Making a syntax highlighting rule set for context is trivial. You could also try vim, it's easy to do there.

By saying that you *must* have syntax highlighting and intellisense before you can make your game is a bit namby pamby. Just get going on your game.

The tools work I've been doing is to make it possible to use the CopyNES with Linux http://www.bitbucket.org/wookie/libcopynes and to write my games in NESHLA on Linux http://www.bitbucket.org/wookie/neshla. I did this work because I *only* use Linux.

Now I'm working on a game, but it's not for the NES, it's for the Lynx. :) I have a version of NESHLA that targets the Lynx as well as the NES that I'm currently testing. I plan to use that to write my game for the Lynx. Maybe I'll port it to the NES later.

by on (#50461)
The ConTEXT editor has a ton of syntax highlighter rules file here: http://www.contexteditor.org/highlighters/ There is even one for 6502 assembler that will get you 90% of the way to NESHLA syntax highlighting. Just add support for the preprocessor directives and simple C function declarations and you'd be 99% there.

by on (#50463)
tepples wrote:
Then let me put it more simply:

Tools need only code. Games need code, art, and several other skills. So people who feel most comfortable with code concentrate on tools.
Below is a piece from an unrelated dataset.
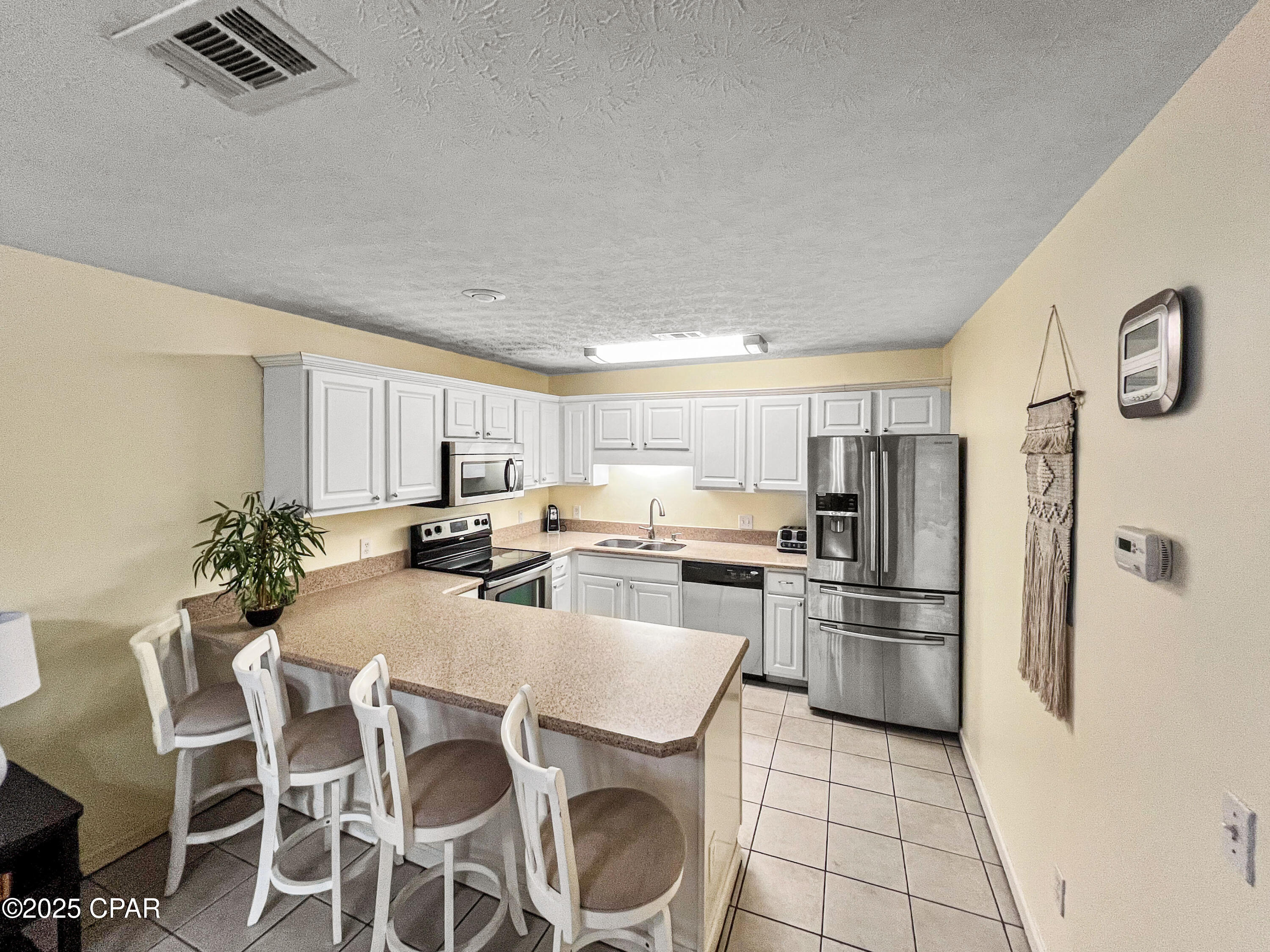 Image 7 For 17462 Front Beach  60202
Exactly why I stumbled into tool land.

by on (#50467)
As for myself, I like making tools since I have to do sometime at work and like making games because it always interested me to try to do some. So it's hard to put priority on which one to do first. These days, I'm on coding the game but sprite editing by hand... It sucks. When I get too tired I may just add it to my tool.

by on (#50469)
Banshaku wrote:
As for myself, I like making tools since I have to do sometime at work and like making games because it always interested me to try to do some. So it's hard to put priority on which one to do first. These days, I'm on coding the game but sprite editing by hand... It sucks. When I get too tired I may just add it to my tool.
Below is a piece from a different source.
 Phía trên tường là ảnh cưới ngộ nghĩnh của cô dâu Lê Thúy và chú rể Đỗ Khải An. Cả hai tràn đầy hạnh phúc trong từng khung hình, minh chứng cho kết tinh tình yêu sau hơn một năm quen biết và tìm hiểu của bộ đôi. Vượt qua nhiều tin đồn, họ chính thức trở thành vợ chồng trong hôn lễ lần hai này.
Help me here...what do you mean by sprite editing by hand? I picture you with a pen and paper. Surely there are plenty of tile editing tools that work for sprites?

by on (#50471)
I'm pretty sure he means ordering the individual sprites to form the actual characters of the game, and possibly their animations as well. I can see why this takes a long time... finding a center point, aligning each sprite, calculating where each one is relative to the others, testing the animations, the timing, and so on.

by on (#50472)
At work we program using visual studio. Now it's not required. You can write C# code using notepad if you want. They even ship a command line compiler for it with .net. If you wrote even a small application using notepad and the command line compiler it would take you a week or more. That same application would take 10 minutes in visual studio. So by spending a little time to make a decent source editor. You save a much greater amount of time down the road when it's time to write some NES code.
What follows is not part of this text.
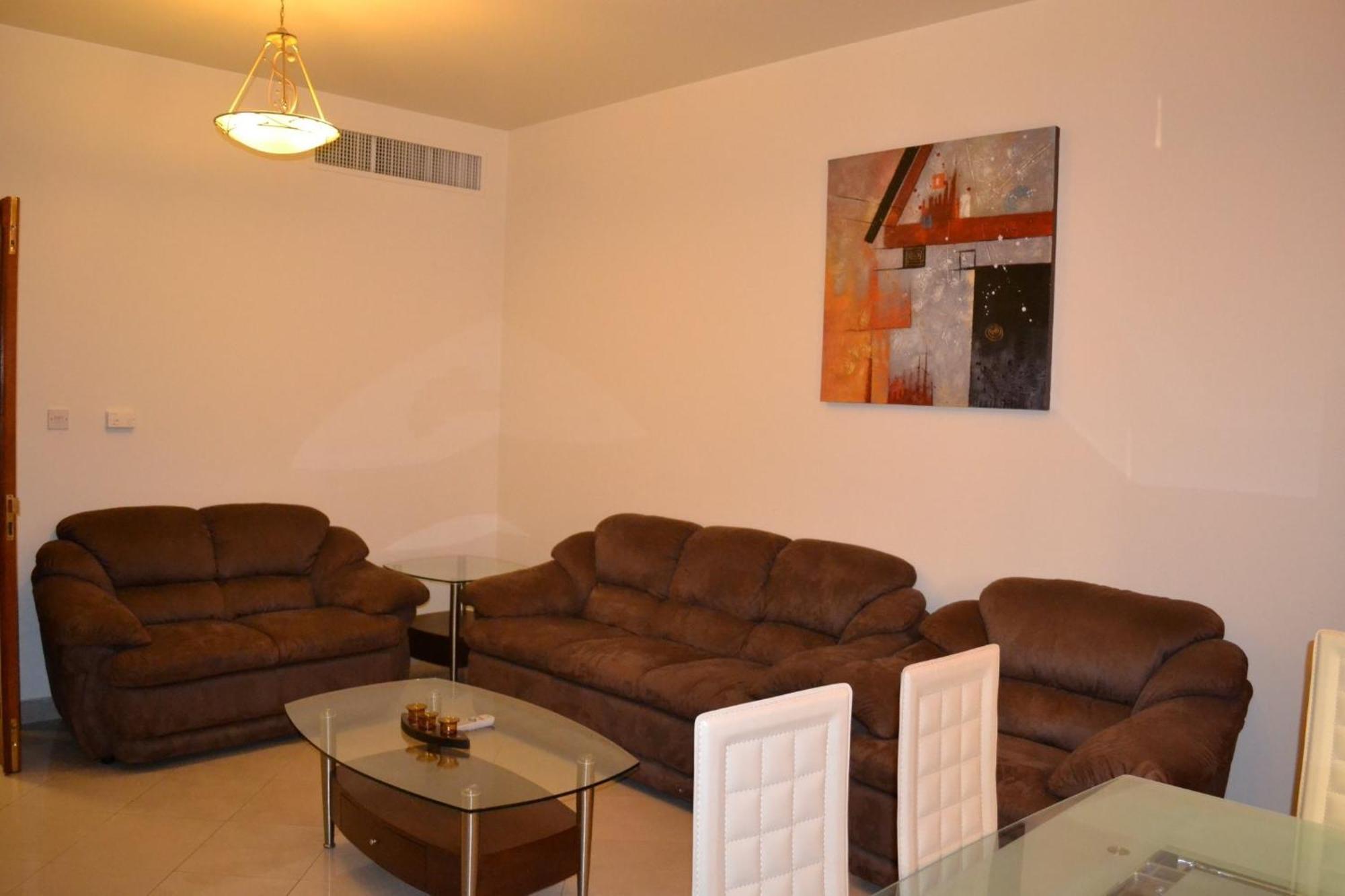 Abu Dhabi Plaza Hotel Apartments Εξωτερικό φωτογραφία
Besides my game is still in the early stages of the SDLC. So it's not like I'm ready to start coding anyway.

by on (#50474)
I agree it's hard to find the right balance between writing the tools and working on the game/demo itself. Personally I like IDEs, I would really like to see a Visual Studio -like IDE for NES development with integrated assembler (so the editor "understands" the code, can display helpful tooltips and so on) and features like automated cycle counting (where possible) etc. And of course symbolic debugging directly in the IDE :) But I'm not too hopeful about there ever being one, as it's a very big project to pull off the way I would like.

by on (#50475)
Can you give me some details/requirements on an automated cycle counting feature? It sounds like something I want to add to my backlog.

Symbolic debugging in the IDE would be awesome. It's beyond the scope of my current project. Maybe there will be a 2.0 after I release a couple games.

by on (#50482)
Well, I wouldn't ever want to write a GUI-program without a dialog editor (like the one found in Visual Studio). It sure helps.

As for NES development... not sure.
For symbolic debugging I wrote a command line tool to automatically convert cl65's VICE label files ("-g" switch on ca65, "-Ln xyz.lbl" on cl65) to the romname.nes.ram.nl format used by FCEUX's debugger.

Automatic cycle counting sounds cool, but why not extend FCEUX or any other existing emulator to support it instead of completely re-inventing the wheel?

by on (#50483)
Zack S wrote:
Can you give me some details/requirements on an automated cycle counting feature? It sounds like something I want to add to my backlog.

I was thinking either having it in the assembler, so you can do something like ".startcount" and ".endcount" and then read the amount of cycles used by the instructions between that block from some magic label. Or if it's in the IDE, select a block of instructions and click a button and it'll tell how many cycles it takes. Of course this is not always possible if loops are used unless some more magic is used to hint the assembler/IDE how it should be calculated.

miau wrote:
For symbolic debugging I wrote a command line tool to automatically convert cl65's VICE label files ("-g" switch on ca65, "-Ln xyz.lbl" on cl65) to the romname.nes.ram.nl format used by FCEUX's debugger.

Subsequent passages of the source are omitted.